*Co-authored with Csaba Feher

In 2024, the Sonar engineering team worked on a several-month project to remove a performance bottleneck and transform our Processor service. The goal was to make it scalable, resilient, and cost effective while improving the user experience. This post details how we cut the file storage cost on SonarQube Cloud by 90 percent while extracting 3.4 TB of data from a relational database to a more suitable storage option.

Read on to learn more about our approach, how we looked at the problem, the techniques we used to validate our assumptions before delivering the change and the final solution.

Starting with “why”

SonarQube Cloud contains a component called the Processor service that is responsible for saving files into a relational database table running on PostgreSQL. This table stores two types of data: the content of the files in binary format and metadata associated with each file (like a hash of the content).

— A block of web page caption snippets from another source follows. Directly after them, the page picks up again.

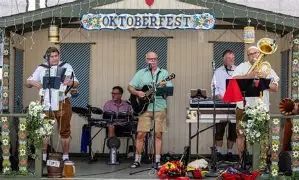 Five-member band performing on a small outdoor stage under an Oktoberfest banner, playing guitar, drums, accordion, and brass with flower arrangements in front.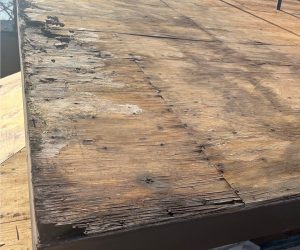 Rotted roof decking along the roof edge caused by prolonged water intrusion and roof leaks in Southern California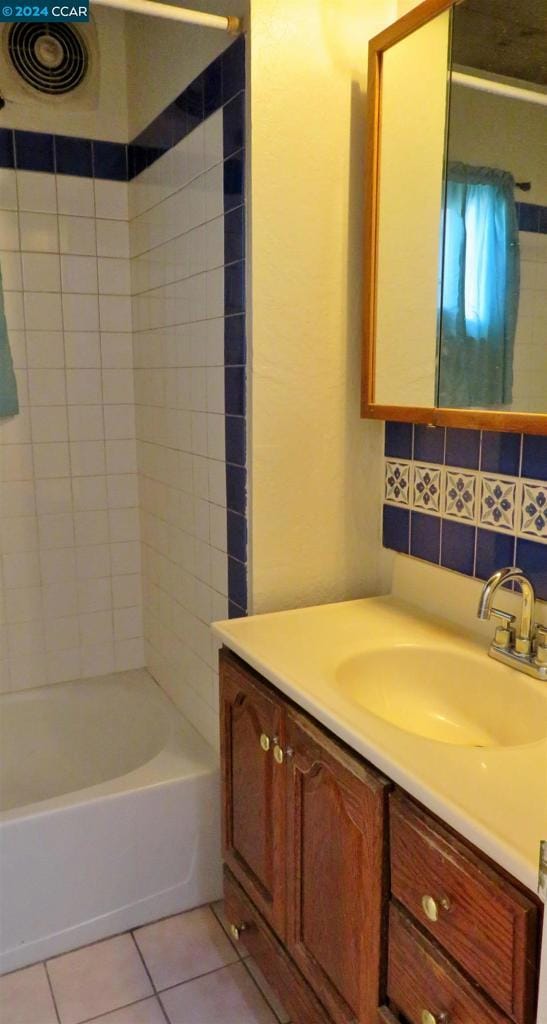 bathroom featuring tile patterned floors, vanity, tiled shower / bath, and tasteful backsplash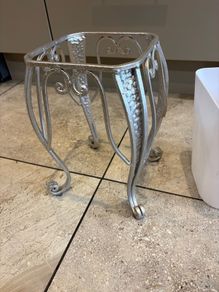 Silver metal square shape plant stand with matching white plastic pot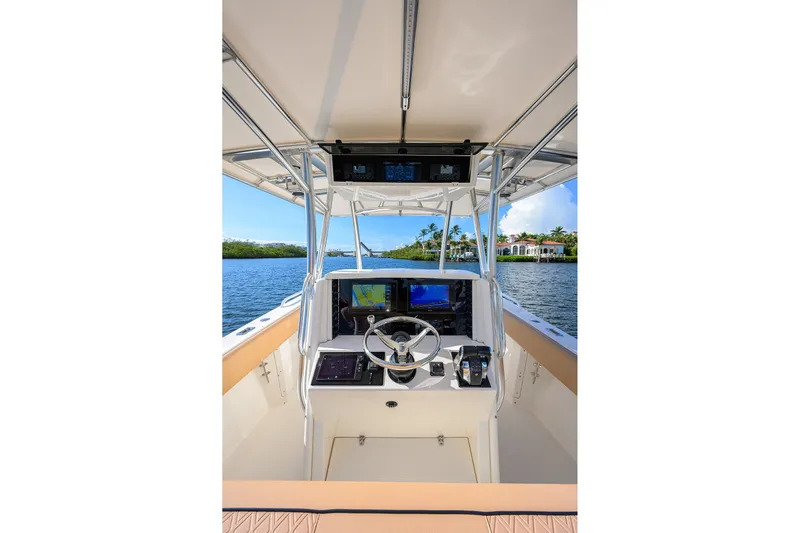  Yacht Photos Pics 2005 Venture 34 Center Console boat interior with navigation equipment on a sunny day.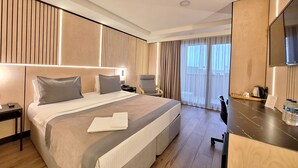 Una habitación de hotel moderna con una cama grande, un escritorio, una silla, un televisor y vistas al exterior.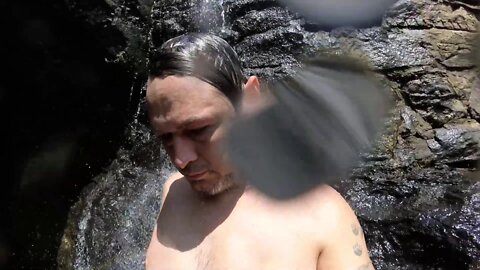 Under the mini waterfall!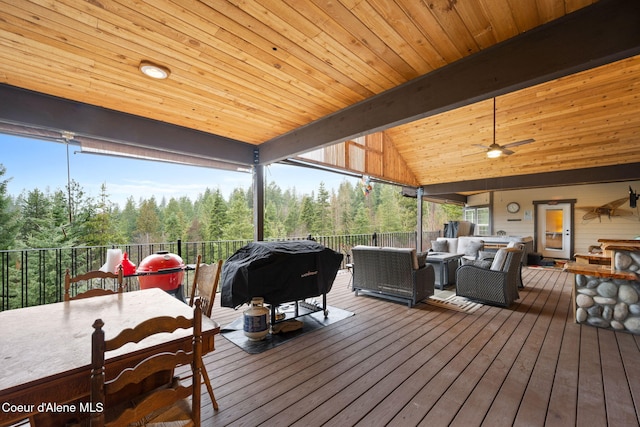 wooden deck with an outdoor living space, a grill, and a ceiling fan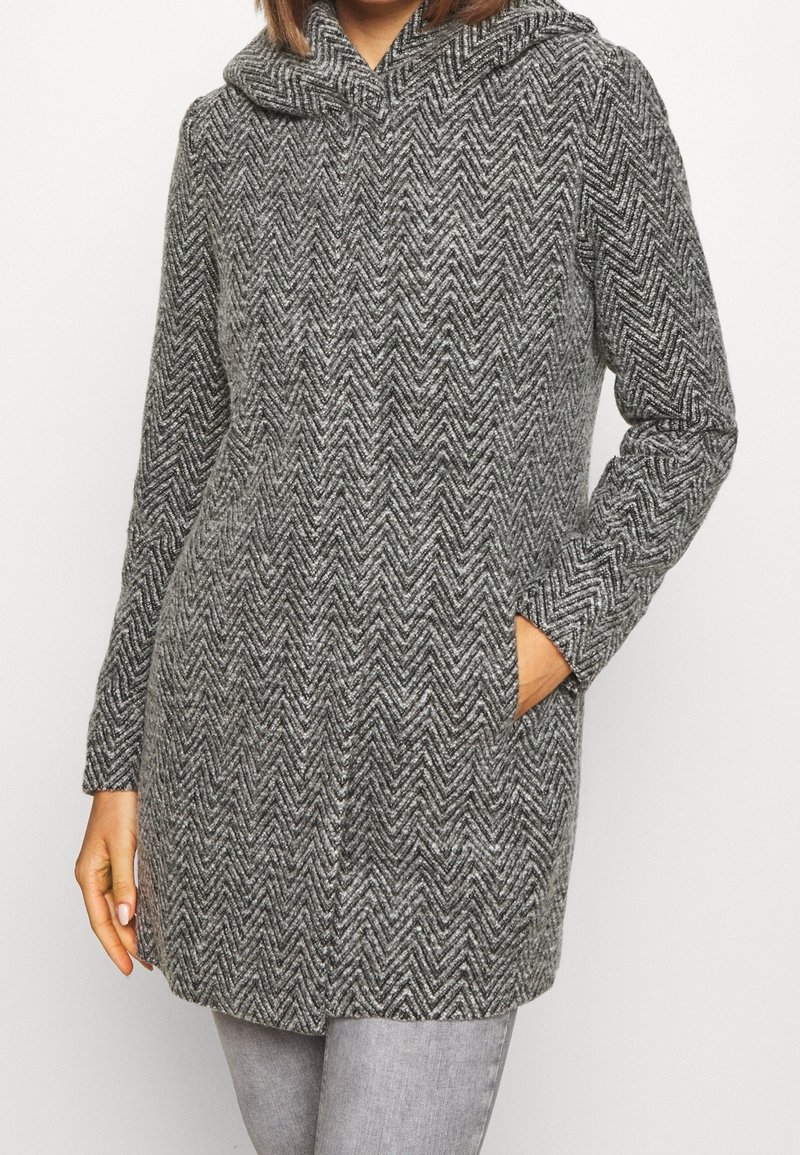 Femme portant un manteau en laine gris à motif chevrons avec un col montant et des poches latérales, associé à un pantalon gris clair.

This table has an intense writing activity. Each time a row is updated or deleted, the previous version of the row is flagged as ready for physical deletion by the Postgres engine. Those lines are then purged by an automatic job, which sometimes causes the table to be locked and the platform to halt. By November 2024, we had reached the limits of storing files in a relational database—to avoid high maintenance costs of the current solution, we needed to reconsider the storage. Keeping the maintenance costs under control is vital to keep our budget available for innovation and improvements of our products, while preventing service disruptions or performance degradation.

Finding the right storage option

One of the lengthier operations performed by the Processor is saving and updating files, which put a heavy burden on the service. The speed of task processing is crucial for the user experience—the quicker it's executed, the quicker we can deliver results to the user. Changing the file storage solution is an opportunity to accelerate the process.

The File table contains around 3.4 TB of data and is constantly growing. Today, it comprises around 480 million rows, each representing a file and its metadata.

A new storage option had to be flexible, as various services will consume the data with different requirements. It needed to be fast and be scalable to accommodate the platform’s significant growth. Last but not least, it needed to be cost-efficient.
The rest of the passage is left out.